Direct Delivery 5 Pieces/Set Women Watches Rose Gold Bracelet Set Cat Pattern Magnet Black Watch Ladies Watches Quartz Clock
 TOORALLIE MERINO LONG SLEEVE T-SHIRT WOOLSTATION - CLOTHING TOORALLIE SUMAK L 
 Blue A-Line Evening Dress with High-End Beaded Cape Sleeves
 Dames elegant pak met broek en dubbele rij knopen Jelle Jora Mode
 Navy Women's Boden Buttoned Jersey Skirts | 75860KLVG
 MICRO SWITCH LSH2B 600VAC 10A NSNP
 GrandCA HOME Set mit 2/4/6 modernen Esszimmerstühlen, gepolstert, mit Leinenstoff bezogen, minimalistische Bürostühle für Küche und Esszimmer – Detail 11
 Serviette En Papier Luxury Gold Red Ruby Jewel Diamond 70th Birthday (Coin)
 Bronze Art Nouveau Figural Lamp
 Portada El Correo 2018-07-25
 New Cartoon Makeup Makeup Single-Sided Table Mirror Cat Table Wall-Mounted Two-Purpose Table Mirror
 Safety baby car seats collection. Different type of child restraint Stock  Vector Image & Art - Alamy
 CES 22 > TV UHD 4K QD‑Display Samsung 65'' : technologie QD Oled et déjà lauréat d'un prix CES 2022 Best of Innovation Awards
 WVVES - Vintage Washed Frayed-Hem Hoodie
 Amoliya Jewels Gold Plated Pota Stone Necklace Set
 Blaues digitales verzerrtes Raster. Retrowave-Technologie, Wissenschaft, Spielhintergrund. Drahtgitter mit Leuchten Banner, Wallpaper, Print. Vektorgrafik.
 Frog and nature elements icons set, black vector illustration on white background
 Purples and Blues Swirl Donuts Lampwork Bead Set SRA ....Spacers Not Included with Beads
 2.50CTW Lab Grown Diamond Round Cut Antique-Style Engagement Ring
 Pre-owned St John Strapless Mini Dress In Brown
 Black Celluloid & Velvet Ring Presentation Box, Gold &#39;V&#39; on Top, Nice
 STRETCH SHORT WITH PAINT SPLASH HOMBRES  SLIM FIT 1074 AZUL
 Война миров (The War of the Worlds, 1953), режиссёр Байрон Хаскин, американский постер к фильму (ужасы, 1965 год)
--
# Work item
Look back at the entries above. Retype the line with "Purples and Blues", the line with "Pre-owned St John", and all lines in between.

# Exercise result
 Purples and Blues Swirl Donuts Lampwork Bead Set SRA ....Spacers Not Included with Beads
 2.50CTW Lab Grown Diamond Round Cut Antique-Style Engagement Ring
 Pre-owned St John Strapless Mini Dress In Brown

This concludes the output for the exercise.